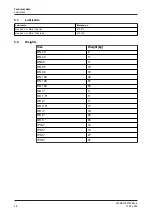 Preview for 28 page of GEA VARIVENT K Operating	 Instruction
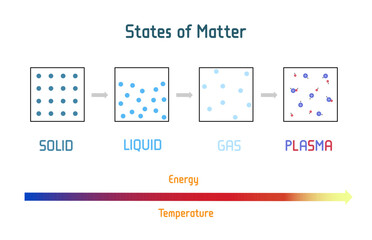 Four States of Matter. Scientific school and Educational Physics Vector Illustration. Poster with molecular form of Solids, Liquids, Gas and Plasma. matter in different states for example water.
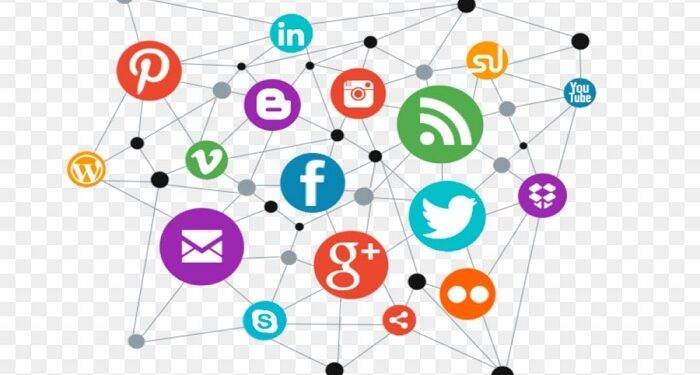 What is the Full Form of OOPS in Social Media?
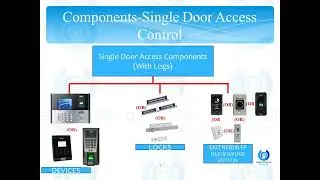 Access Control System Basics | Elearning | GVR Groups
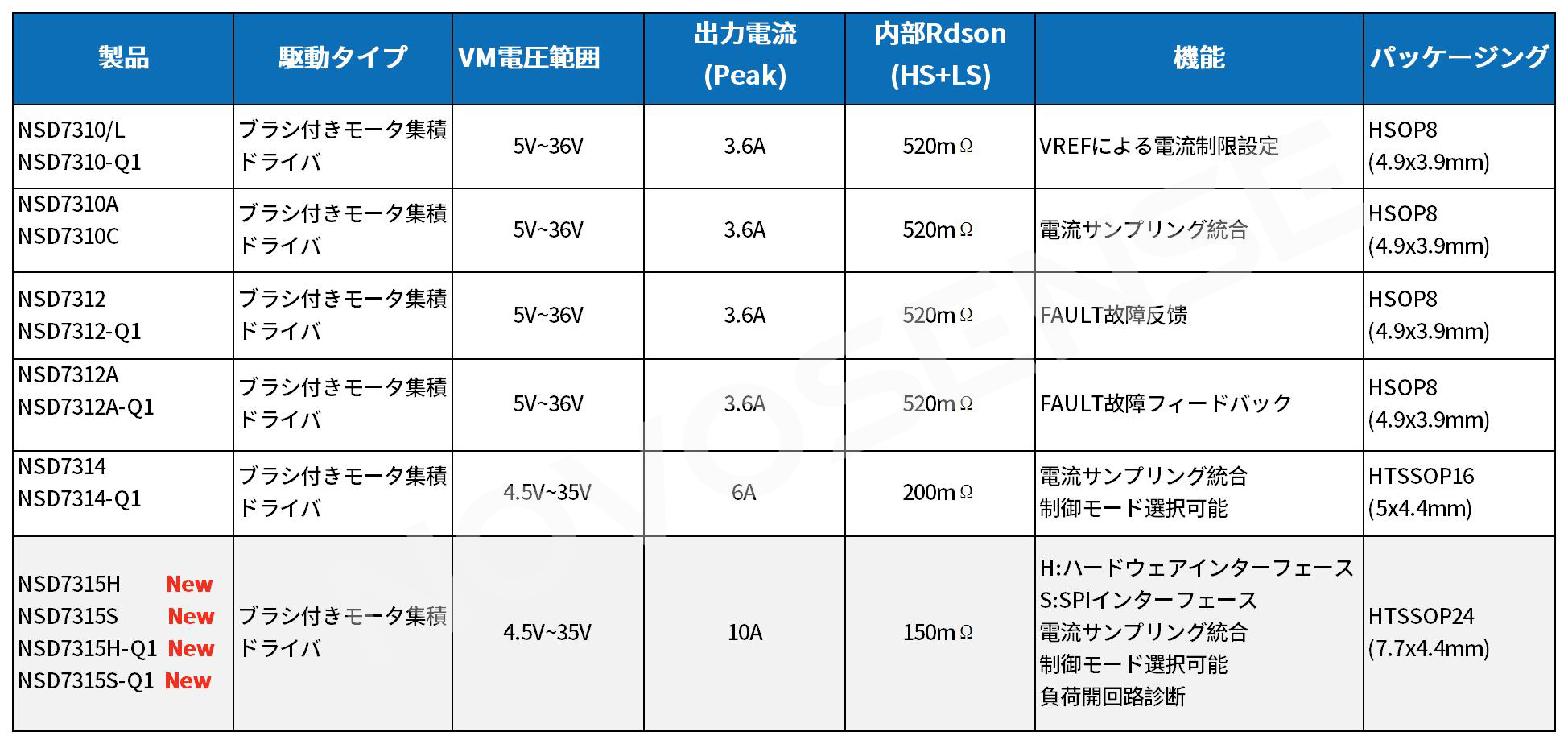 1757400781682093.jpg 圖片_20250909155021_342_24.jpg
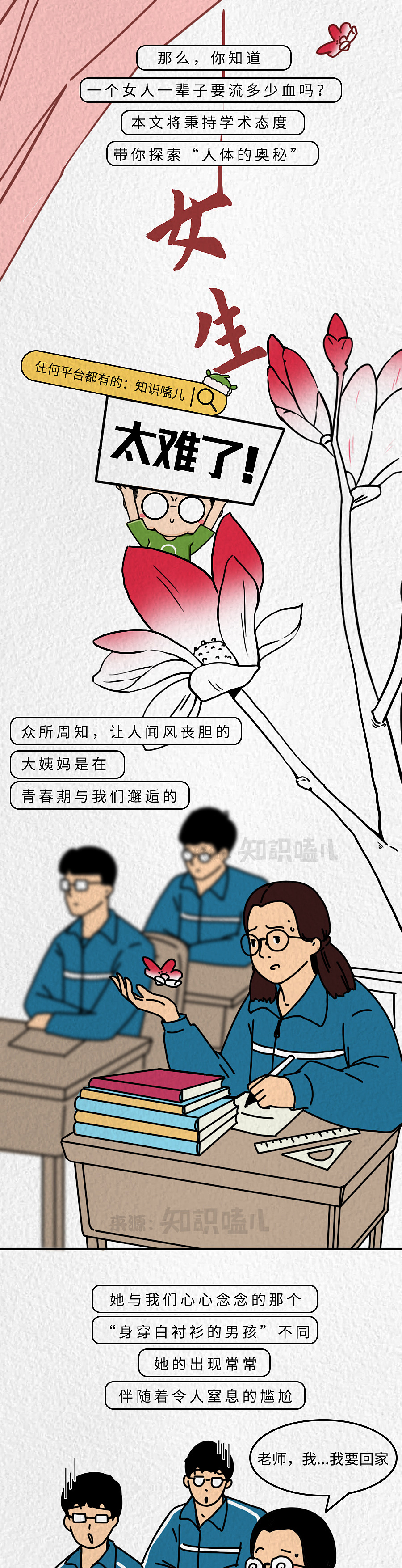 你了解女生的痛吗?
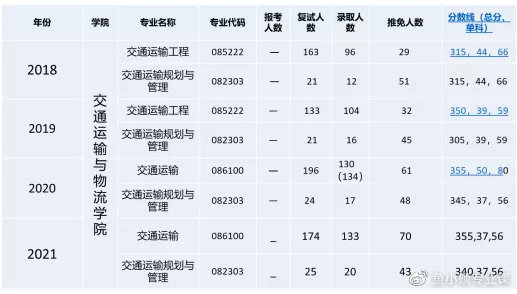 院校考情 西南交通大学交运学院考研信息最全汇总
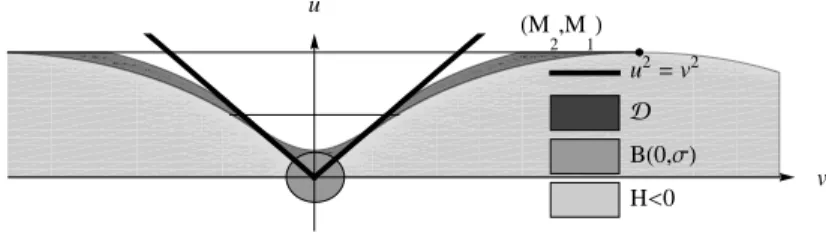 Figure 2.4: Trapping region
++++++++++
> What you will do
Starting with the line that contains "17574007816820", give the lines again exactly as they appear through the last line of the data, pictures excluded.

> Answer below
 1757400781682093.jpg 圖片_20250909155021_342_24.jpg
 你了解女生的痛吗?
 院校考情 西南交通大学交运学院考研信息最全汇总
 Figure 2.4: Trapping region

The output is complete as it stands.